If I can make dinner ahead and have it ready to go, I feel so much more organized and accomplished. I can handle the unexpected tasks and requests without hitting Chipotle for dinner three nights in a row (not that we don’t love Chipotle). This recipe is perfect to make ahead on Sunday and have it ready to go Monday night to start the week on the right foot.
One package thinly sliced chicken breast filets
One pound bag of large elbow macaroni
Progresso “Italian Style” bread crumbs
16 ounces of “Precious” brand Mozzarella cheese + 1/4 cup
One, 28 ounce can of Trader Joe’s Tuscan Marinara sauce +1/4 cup
2 to 3 eggs, lightly blended in a medium sized bowl
one package fresh basil
salt and pepper to taste
Large muffin tin (yields 6 large muffins)
recipe makes about dozen “Mini Chicken Parms”
Preheat oven to 350 degrees. Place about 2 cups of bread crumbs in a shallow dish. Dip each thinly sliced breast filet in the egg and then dredge in the bread crumbs. Place on a slightly oiled baking sheet. Bake chicken for about 25 to 30 minutes (be careful not to overcook or the chicken will be dry). While the chicken is baking, cook the pasta according to the directions on the package. Drain and set aside.

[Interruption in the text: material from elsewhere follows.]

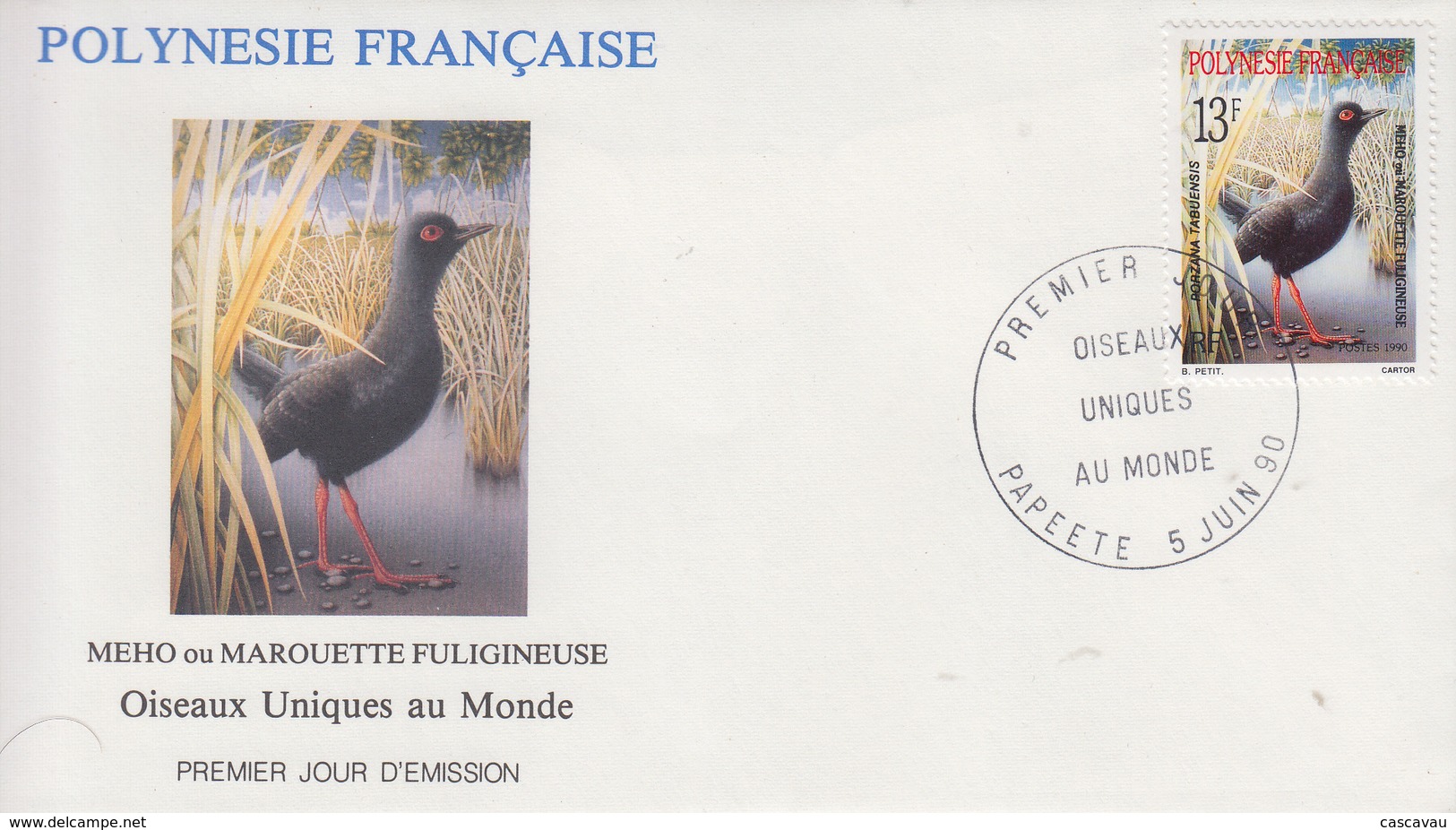 Enveloppe   FDC   1er  Jour    POLYNESIE   Oiseau  :  MAROUETTE   FULIGINEUSE    1990 - Hoendervogels & Fazanten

Shred the 16 ounce block of Mozzarella cheese and chop the entire package of basil, which should yield abut 1/2 cup, maybe a little more.
Once the chicken is baked through, remove from the oven and let cool. When the chicken has cooled, chop into cubes (1/2” to 1” is fine).
In a large mixing bowl add the pasta, cubed chicken, Marinara sauce, Mozarella, basil and salt and pepper to taste. Mix all ingredients together gently until just combined.
Lightly spray or grease each muffin well and add a hearty scoop of the mixture. Top each filled muffin well with a teaspoon of Marinara and an extra sprinkle of Mozzarella. Put back into 350 degree oven and bake for an additional 15 to 20 minutes. Remove from oven and let sit for 10 minutes. Use a pie server to scoop out each individual “Mini Chicken Parm.” Top with a sprig of basil and serve with organic greens and Italian breadsticks.
*If you make this meal ahead of time, remove all individual “Mini Chicken Parms” from the muffin well. Let cool completely on a large platter and cover tightly. When ready to serve, place on a large baking sheet and re-heat gradually at 350 degrees.